金融そして時々山

山好き金融マン(OB)のブログ
最近アマゾンKindleから「インフレ時代の人生設計術」という本を出版しました。

過熱する米国の自動車安売り合戦

2009年01月07日 | 社会・経済

米国で自動車の安売り合戦が過熱している。米国で車の値引きが進んでも、一日本のユーザーである私に直接の影響はないが「車屋さんは将来もっと値引きしそうだから、今車の買い替えを考えることは止めよう」という気持ちを起こさせるから面白いものだ。大袈裟にいうと情報のグローバル化の弊害(自動車メーカーにとって)と言えるかもしれない。

ファイナンシャル・タイムズによると、米国でヒュンダイ自動車が「オートローンで車を購入して、1年以内に失業するか個人破産を申請した場合、自動車を返却していただければ、ローンの残債は免除します。個人信用履歴も傷付けません」という販売促進策を始めた。言わば自動車の条件付ノンリコース・ローンだ。

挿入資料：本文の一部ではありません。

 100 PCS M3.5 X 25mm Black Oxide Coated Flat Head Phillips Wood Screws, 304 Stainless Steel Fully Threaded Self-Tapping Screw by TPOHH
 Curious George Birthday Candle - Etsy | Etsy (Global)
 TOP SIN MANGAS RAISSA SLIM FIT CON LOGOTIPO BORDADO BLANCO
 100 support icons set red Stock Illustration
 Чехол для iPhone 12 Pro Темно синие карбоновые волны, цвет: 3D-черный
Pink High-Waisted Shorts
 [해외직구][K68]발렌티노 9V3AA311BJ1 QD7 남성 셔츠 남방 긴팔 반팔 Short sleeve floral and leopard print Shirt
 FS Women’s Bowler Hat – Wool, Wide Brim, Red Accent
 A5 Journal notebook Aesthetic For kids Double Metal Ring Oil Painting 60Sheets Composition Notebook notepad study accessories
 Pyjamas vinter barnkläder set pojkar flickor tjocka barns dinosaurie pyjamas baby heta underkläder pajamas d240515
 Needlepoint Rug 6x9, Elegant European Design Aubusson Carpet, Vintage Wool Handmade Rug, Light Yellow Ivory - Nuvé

FTによるとヒュンダイは、アラバマ州でソナタ、サンタフェを月間17,000台生産しているが、先月売れたのは生産台数の76%に相当する12,900台だ。これ自体は中々立派な数字に見えるが、ヒュンダイは減産を行っているからだ。前年比では売上は48%減っている。

調査会社によると、先月の全米平均の自動車1台当りの販売促進費(ディーラーは値引きの財源に使える)は、史上最高の2,902ドルになっている。従来販売促進費を抑えていたトヨタですら、昨年は販売促進費を倍の1,995ドルに引き上げている。

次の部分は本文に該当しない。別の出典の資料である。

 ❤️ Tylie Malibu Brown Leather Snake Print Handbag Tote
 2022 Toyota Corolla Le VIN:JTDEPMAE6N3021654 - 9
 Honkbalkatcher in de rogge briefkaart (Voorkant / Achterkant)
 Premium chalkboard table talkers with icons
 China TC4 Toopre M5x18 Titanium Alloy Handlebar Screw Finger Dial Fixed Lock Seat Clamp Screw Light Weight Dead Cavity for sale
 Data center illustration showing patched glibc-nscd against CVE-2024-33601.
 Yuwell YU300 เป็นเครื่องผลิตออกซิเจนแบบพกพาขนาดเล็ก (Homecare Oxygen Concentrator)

12月に売上が前年比53%減少したクライスラーは、2008年モデルを6千ドル、2009年モデルを3千ドル値引きして販売している。

しかしディーラーが値引きしても、現在の環境化では販売促進効果は限られていると業界アナリストは見ている。あるアナリストによると根本的な問題は現在消費者がこれ以上借金することを望んでいないことによる。

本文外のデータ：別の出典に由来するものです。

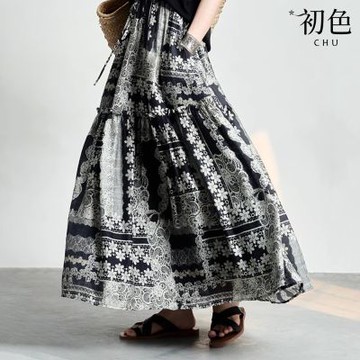 初色 文藝風撞色碎花拼接印花鬆緊高腰大擺半身裙長裙-花色-13549(M-2XL可選)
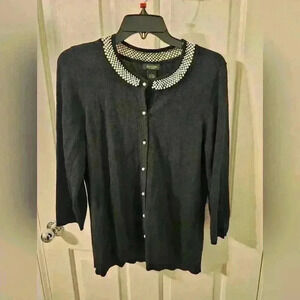 Peck & Peck Collection Cardigan Sweater Black 3/4 Sleeve Lightweight Size Large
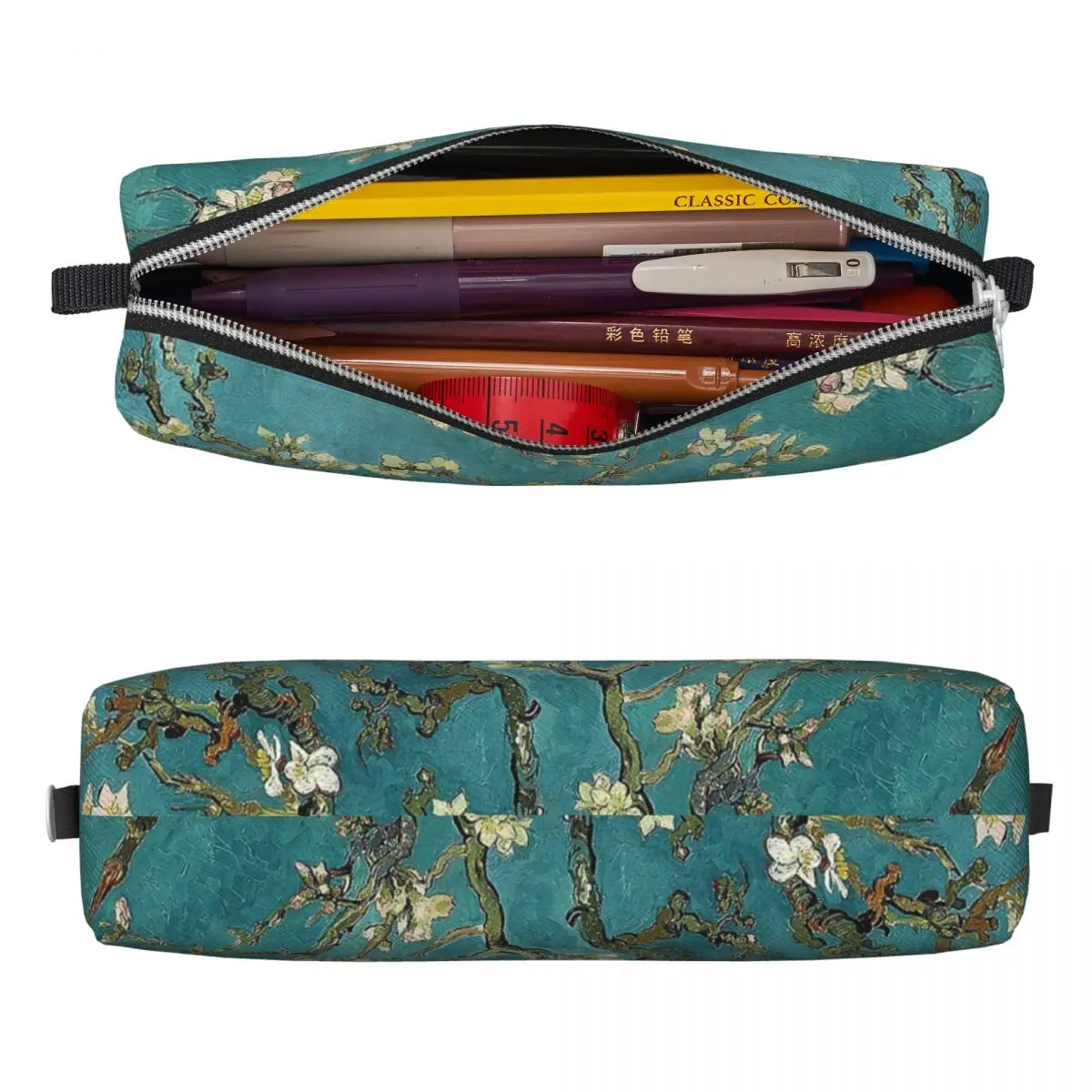 Imagem -02 - Van Gogh Arte Lápis Cases Restaurado Blossoming Almond Tree Pen Holder Bolsa Crianças Material Escolar Presente Original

さて日本では今後ディーラーはどのような販売策を打ち出してくるだろうか?

これは私の全くの個人的な見解で責任は持てないが、もし今どうしても車を買う必要があるのならば「ディーラーが数年後の残価を保証するリースが安全ではないか?」と感じている。というのはこれだけ販売不振が続き、値引きが激しくなると将来自動車の中古価値が値下がりする可能性が極めて高いからだ(米国ではSUVの価格が暴落して、自動車リースがストップとなった)。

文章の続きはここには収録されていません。